[Saved entries]
========================

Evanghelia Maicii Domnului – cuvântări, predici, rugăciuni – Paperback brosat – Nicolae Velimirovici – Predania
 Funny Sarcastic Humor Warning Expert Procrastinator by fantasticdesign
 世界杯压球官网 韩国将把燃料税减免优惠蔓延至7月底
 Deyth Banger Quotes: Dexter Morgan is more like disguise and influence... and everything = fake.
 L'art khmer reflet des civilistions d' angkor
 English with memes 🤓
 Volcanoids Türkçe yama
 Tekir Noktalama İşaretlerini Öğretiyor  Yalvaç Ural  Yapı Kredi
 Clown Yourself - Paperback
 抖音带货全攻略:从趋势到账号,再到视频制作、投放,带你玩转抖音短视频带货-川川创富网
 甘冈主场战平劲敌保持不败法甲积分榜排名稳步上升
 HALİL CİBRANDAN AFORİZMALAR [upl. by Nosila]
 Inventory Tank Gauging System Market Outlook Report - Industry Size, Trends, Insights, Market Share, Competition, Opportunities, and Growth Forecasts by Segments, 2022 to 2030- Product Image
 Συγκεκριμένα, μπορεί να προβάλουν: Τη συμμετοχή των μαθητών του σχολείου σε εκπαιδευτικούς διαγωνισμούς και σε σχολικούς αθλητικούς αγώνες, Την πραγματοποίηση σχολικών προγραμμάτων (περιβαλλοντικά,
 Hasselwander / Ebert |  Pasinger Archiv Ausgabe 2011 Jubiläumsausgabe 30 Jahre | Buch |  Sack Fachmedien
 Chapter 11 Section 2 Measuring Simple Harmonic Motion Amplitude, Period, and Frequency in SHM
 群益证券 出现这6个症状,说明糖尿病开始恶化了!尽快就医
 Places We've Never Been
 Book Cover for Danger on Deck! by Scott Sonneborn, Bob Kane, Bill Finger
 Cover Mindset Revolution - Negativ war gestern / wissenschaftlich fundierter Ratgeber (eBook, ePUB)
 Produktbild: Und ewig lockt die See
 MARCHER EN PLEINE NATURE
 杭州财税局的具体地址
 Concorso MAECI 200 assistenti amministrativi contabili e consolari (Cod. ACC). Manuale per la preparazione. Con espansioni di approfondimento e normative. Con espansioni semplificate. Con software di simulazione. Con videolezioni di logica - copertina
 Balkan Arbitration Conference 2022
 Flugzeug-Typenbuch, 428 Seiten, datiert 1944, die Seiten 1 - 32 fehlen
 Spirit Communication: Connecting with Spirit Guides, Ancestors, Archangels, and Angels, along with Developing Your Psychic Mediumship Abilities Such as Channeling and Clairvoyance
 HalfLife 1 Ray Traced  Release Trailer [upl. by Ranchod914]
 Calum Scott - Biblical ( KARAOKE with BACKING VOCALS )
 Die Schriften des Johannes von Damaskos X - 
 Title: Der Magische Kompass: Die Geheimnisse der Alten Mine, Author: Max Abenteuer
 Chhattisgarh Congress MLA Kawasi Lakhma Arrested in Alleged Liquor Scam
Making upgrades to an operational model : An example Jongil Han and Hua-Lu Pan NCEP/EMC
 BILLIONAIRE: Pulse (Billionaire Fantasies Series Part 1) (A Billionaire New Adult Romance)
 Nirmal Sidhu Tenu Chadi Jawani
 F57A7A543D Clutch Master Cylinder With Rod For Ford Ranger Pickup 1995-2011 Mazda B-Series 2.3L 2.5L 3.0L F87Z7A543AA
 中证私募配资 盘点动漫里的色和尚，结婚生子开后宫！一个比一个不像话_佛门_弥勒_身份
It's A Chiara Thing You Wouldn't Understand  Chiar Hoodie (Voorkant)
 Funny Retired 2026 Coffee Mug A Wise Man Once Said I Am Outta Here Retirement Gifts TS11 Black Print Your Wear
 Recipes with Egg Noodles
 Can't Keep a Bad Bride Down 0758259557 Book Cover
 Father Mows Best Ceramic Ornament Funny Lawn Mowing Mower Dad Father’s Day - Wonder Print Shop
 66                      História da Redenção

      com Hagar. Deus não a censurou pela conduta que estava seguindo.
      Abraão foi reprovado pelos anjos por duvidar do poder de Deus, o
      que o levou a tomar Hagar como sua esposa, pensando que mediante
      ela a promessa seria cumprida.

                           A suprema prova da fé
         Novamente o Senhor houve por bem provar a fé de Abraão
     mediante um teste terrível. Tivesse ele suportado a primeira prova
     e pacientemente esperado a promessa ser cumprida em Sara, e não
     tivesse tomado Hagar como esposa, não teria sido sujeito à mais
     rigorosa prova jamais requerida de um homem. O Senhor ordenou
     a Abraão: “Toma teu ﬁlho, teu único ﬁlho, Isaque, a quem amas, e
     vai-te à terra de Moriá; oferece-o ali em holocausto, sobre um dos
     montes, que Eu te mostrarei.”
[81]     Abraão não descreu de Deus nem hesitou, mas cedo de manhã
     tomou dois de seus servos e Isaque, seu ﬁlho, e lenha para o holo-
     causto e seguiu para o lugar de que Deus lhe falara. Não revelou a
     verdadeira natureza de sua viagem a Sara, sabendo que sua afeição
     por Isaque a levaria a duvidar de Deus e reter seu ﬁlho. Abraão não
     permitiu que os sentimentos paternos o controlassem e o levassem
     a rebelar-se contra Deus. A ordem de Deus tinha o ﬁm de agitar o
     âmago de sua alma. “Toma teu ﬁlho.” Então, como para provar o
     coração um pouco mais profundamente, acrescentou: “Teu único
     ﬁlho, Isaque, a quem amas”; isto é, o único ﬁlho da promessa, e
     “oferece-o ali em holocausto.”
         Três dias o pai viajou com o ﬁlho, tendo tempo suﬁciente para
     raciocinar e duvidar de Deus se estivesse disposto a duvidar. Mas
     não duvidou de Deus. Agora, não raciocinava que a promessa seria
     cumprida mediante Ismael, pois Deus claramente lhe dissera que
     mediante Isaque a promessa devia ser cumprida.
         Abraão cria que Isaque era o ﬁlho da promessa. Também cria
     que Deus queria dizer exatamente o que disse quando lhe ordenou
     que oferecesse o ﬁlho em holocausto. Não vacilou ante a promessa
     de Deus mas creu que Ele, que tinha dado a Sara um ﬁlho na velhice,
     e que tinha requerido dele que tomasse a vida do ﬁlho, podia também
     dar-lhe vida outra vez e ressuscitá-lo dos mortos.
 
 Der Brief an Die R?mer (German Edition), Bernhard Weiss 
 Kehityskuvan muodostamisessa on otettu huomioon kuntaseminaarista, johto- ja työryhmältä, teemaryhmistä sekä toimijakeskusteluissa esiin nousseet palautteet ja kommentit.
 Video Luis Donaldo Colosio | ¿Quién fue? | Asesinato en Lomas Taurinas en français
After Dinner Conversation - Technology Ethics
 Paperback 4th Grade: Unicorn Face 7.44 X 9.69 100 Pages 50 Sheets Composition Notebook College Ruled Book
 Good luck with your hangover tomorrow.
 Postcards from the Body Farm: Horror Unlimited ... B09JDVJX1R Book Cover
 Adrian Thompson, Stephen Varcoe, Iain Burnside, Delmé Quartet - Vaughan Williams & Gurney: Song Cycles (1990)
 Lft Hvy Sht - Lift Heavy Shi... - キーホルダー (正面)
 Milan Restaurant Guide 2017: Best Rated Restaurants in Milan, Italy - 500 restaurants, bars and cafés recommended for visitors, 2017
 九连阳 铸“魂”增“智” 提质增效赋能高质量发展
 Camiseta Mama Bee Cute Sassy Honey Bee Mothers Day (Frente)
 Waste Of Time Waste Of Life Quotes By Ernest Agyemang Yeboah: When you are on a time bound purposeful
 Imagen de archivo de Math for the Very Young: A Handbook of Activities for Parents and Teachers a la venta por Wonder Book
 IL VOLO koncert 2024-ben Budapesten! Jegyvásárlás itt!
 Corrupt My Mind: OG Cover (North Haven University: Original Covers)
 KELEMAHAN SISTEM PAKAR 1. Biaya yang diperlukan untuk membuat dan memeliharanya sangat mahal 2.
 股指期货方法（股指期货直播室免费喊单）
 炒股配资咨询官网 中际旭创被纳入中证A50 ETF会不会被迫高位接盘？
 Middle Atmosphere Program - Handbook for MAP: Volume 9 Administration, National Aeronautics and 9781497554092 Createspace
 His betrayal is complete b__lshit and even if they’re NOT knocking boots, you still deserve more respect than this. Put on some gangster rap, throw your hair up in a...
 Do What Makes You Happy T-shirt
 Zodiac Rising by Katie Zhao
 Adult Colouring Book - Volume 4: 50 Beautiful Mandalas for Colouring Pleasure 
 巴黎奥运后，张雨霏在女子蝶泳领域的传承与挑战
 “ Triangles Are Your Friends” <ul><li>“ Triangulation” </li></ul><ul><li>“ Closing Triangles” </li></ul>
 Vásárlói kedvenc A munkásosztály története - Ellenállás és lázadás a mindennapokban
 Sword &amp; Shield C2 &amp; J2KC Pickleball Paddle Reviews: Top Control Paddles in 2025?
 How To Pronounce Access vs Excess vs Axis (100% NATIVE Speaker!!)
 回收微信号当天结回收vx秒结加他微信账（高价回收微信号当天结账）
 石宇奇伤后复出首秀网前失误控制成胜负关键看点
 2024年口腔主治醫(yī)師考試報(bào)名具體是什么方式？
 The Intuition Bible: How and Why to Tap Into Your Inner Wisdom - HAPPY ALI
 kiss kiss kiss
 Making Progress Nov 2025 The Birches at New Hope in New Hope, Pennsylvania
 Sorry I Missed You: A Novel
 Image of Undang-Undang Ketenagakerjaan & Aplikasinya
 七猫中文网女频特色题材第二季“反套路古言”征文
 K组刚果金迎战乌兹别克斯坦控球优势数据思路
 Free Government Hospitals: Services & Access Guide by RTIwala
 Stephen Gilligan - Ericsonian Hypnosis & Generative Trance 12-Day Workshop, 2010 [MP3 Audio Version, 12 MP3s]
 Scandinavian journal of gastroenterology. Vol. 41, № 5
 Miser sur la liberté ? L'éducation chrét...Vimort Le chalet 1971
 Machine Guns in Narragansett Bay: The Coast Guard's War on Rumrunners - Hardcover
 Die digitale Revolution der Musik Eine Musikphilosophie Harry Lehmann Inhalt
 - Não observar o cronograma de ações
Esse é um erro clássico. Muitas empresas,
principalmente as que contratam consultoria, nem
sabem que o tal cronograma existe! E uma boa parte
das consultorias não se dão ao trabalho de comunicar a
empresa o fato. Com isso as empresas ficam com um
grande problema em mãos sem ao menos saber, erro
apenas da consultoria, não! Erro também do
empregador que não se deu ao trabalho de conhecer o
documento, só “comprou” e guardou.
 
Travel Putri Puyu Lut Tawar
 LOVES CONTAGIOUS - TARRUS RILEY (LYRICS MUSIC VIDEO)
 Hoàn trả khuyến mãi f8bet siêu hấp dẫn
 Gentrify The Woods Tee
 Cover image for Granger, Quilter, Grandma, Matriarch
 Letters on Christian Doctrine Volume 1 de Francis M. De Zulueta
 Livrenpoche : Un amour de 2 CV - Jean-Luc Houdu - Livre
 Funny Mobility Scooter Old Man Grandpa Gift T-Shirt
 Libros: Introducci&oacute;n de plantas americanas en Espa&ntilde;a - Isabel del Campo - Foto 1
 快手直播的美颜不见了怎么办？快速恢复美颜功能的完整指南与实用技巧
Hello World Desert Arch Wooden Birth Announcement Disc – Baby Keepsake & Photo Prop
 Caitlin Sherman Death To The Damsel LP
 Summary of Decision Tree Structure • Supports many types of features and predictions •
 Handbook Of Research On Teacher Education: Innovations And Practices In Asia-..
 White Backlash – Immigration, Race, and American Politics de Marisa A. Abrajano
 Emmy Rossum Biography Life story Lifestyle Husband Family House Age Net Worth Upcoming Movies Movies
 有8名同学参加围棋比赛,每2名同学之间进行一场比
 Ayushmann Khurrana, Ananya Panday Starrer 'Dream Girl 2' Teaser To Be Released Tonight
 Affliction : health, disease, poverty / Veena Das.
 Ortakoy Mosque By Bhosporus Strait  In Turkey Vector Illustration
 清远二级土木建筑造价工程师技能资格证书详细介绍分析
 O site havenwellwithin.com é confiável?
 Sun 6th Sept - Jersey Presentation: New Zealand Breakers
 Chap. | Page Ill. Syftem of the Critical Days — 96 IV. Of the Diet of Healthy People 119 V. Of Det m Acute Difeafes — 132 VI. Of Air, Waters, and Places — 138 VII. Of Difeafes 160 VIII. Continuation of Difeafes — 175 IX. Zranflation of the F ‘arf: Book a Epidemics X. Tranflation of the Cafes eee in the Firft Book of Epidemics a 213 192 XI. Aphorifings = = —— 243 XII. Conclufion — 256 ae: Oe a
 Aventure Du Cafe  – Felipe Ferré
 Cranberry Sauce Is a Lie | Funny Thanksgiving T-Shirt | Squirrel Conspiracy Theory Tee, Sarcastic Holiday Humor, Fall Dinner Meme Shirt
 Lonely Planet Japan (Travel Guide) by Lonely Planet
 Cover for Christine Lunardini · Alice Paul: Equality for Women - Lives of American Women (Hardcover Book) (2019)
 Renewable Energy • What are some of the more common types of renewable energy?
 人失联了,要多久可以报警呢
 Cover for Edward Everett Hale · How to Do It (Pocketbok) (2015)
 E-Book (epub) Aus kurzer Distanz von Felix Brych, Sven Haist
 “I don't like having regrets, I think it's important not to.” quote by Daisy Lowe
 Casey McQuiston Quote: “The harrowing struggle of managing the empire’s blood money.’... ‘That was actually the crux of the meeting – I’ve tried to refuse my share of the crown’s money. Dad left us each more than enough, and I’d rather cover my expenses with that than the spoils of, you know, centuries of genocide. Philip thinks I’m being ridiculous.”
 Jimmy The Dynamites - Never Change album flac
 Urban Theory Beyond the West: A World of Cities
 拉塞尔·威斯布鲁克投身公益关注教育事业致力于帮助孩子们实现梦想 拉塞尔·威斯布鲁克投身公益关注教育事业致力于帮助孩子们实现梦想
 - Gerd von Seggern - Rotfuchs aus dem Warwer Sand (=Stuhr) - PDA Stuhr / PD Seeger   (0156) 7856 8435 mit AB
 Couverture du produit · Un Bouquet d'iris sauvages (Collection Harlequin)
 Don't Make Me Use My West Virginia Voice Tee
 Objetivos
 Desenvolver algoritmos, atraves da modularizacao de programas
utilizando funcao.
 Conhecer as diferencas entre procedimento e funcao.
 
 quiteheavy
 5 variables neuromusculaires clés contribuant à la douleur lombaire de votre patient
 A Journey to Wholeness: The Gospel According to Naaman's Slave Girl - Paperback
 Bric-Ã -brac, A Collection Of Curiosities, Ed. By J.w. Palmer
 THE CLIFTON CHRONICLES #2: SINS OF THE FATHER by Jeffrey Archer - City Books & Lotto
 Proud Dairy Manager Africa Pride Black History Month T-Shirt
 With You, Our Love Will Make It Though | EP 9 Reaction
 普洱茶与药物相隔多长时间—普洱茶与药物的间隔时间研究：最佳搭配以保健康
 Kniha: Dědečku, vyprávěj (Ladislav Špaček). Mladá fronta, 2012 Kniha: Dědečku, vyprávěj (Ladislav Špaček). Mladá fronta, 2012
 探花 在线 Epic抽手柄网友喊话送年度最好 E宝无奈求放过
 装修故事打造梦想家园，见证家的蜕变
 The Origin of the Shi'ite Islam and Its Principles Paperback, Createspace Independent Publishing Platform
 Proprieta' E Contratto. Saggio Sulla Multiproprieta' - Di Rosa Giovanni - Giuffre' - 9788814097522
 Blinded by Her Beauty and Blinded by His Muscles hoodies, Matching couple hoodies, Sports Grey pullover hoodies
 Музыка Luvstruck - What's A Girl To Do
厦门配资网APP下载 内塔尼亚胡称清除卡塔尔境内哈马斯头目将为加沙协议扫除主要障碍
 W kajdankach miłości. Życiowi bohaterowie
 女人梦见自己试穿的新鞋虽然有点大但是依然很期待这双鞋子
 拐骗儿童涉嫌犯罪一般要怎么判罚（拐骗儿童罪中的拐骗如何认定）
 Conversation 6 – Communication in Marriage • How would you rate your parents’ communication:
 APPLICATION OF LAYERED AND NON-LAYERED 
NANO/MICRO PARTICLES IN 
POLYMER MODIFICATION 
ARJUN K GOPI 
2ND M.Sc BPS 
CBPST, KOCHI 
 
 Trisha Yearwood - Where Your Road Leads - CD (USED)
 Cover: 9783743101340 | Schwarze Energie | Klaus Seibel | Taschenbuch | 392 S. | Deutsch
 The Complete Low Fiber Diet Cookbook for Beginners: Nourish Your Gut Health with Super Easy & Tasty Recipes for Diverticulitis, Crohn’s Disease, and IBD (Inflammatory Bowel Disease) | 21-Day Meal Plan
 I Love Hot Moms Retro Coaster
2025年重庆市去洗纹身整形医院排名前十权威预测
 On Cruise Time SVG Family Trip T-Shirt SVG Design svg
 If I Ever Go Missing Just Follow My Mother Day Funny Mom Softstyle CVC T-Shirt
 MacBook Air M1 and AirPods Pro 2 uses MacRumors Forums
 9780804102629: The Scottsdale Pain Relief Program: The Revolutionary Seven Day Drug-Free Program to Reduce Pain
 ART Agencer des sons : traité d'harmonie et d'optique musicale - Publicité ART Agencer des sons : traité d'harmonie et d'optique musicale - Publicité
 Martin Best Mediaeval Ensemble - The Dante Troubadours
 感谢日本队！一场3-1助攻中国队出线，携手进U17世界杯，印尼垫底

========================

Output the lines above between the one holding "人失联了,要多久可以报警呢" and the one holding "by Daisy Lowe", inclusive, with nothing before or after them.

 人失联了,要多久可以报警呢
 Cover for Edward Everett Hale · How to Do It (Pocketbok) (2015)
 E-Book (epub) Aus kurzer Distanz von Felix Brych, Sven Haist
 “I don't like having regrets, I think it's important not to.” quote by Daisy Lowe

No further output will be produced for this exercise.